From the listing below, give again exactly the lines from the line with "Broadmereskylight-replacements(7).jpg; ?>" to the line with "100% Cotton Quilting", ends included, without any pictures.

- RECORDS

#####

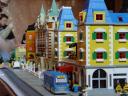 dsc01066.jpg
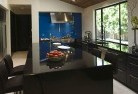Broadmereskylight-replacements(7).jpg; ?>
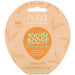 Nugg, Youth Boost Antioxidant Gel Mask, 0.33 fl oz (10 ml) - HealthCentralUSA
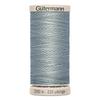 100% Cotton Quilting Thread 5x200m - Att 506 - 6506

#####

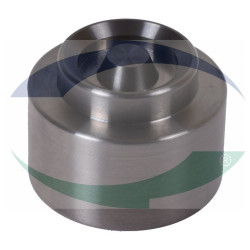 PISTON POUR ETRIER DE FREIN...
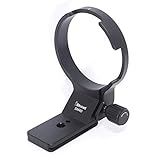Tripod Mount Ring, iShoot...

#####

- EXERCISE SOLUTION
Broadmereskylight-replacements(7).jpg; ?>
 Nugg, Youth Boost Antioxidant Gel Mask, 0.33 fl oz (10 ml) - HealthCentralUSA
 100% Cotton Quilting Thread 5x200m - Att 506 - 6506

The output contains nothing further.